The Commission is trying to simplify regulations that businesses say impede investment and growth. European officials have become increasingly concerned about waning economic competitiveness, particularly when compared with the United States and China. These worries have been exacerbated since President Trump’s return to the White House.
Mr. Trump’s push to relax the rules on companies has widened the regulatory gap with Europe. E.U. commissioners also said changes were needed to strengthen the region’s economy, which has been sluggish.
“The world is changing in front of our eyes,” said Valdis Dombrovskis, the European commissioner for the economy, citing U.S. opposition to a United Nations resolution condemning Russian aggression in Ukraine.
Building a more competitive economy and cutting red tape was an important part of navigating this “complex” environment, he said. “We cannot hope or expect to successfully compete in a perilous world with one hand tied behind our backs,” he added.
On the reporting rules, known as the Corporate Sustainability Reporting Directive, the Commission has also proposed a two-year delay for companies that would have been required to report this year and next. The commission said these changes, and related measures, would save companies about €6 billion per year in administrative work.
The changes need to be approved by the European Parliament before taking effect.
The European Union has been at the vanguard of designing and putting in place rules on climate change and corporate sustainability, but on Wednesday commissioners said those efforts had gone too far.
The “intensive” period of regulatory activity in the past five years, Mr. Dombrovskis said, “has come as a cost, generating a large regulatory burden on people and businesses.”
President Emmanuel Macron of France has been a key supporter of loosening the rules on companies, arguing last month that Europe needed to take a “massive regulatory break.”
In a news conference in Brussels, officials were at pains to say that “simplification” was not the same as deregulation and was not a sign of giving up on the commission’s green agenda.

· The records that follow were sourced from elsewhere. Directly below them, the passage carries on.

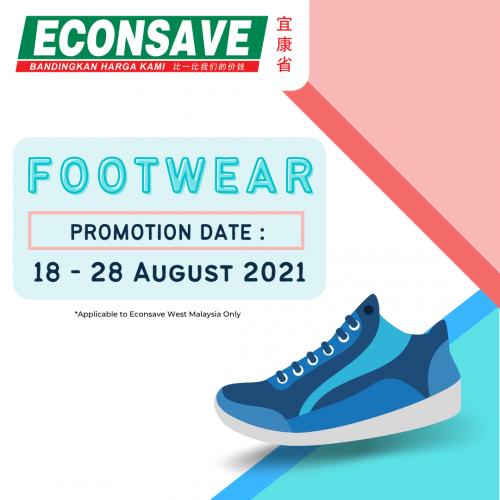 Econsave Footwear Promotion (18 Aug 2021 - 28 Aug 2021)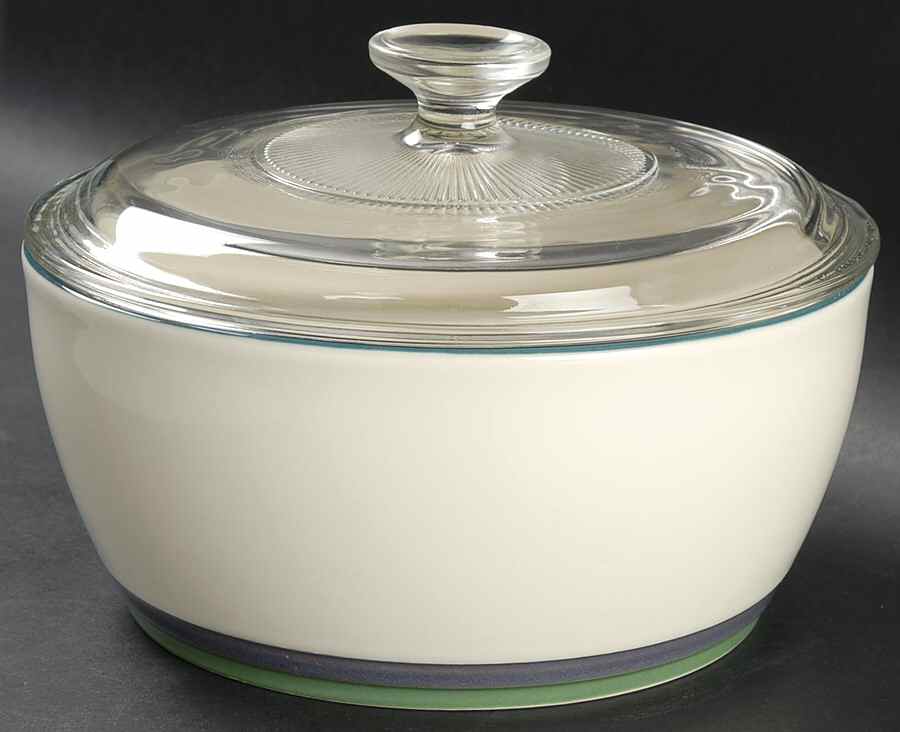 Mountain Shadow 2.5 Quart Round Covered Baker by Pfaltzgraff-1
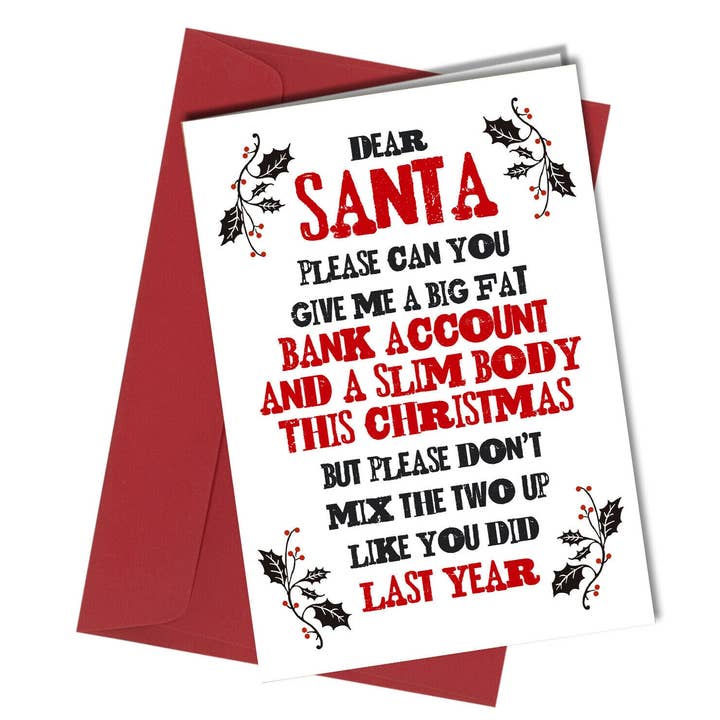 #1221 Bank Account for wholesale by Close to the Bone Greeting Cards and Gifts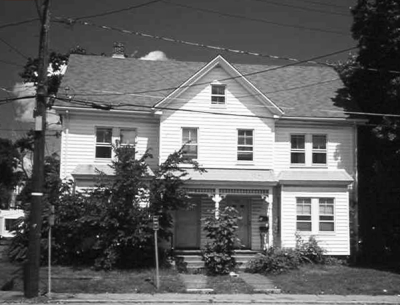 Exterior of Advocates first residential home in Framingham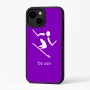כיסוי בעיצוב אישי עם השם שלך לדגם - Apple iPhone 16 Plus בעיצוב סקי אולימפי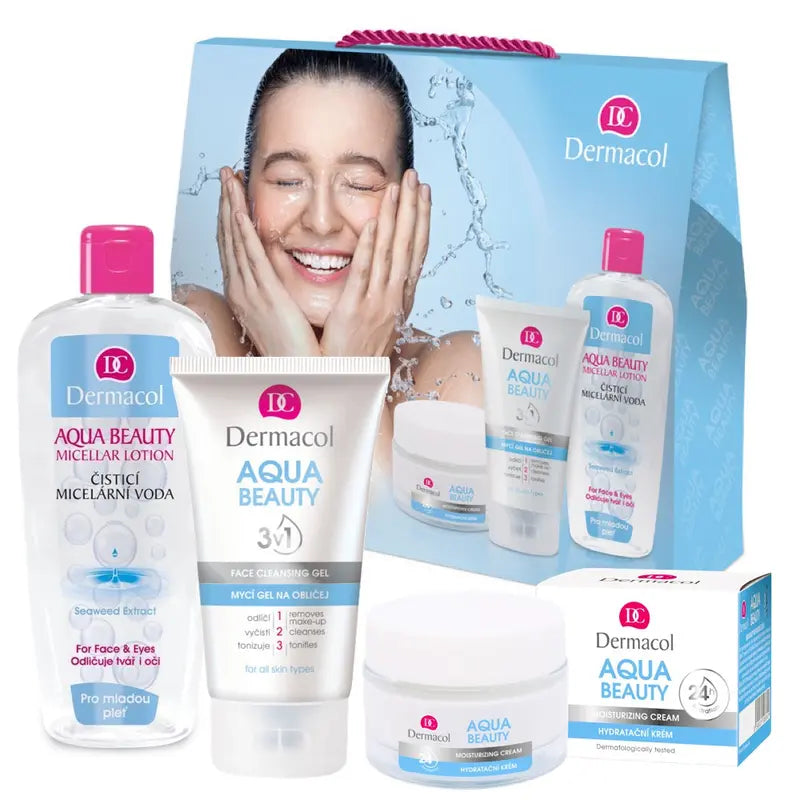 Dermacol Aqua beauty set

Maria Luís Albuquerque, the commissioner for financial services, said she expected many companies would voluntarily choose to follow the sustainability reporting rules because they had already made their own commitments or would report under simpler guidelines as members of the supply chains of larger companies.
The proposals were intended to “alleviate the burdens and the costs of reporting, but maintaining preserving the anchor in our Green Deal objectives,” Ms. Albuquerque said.
The commission on Wednesday also announced a series of measures it called the Clean Industrial Deal, aimed at decarbonizing Europe’s economy. It came on the same day that the European energy giant BP said it would increase spending on oil and gas while sharply reducing investments in clean energy.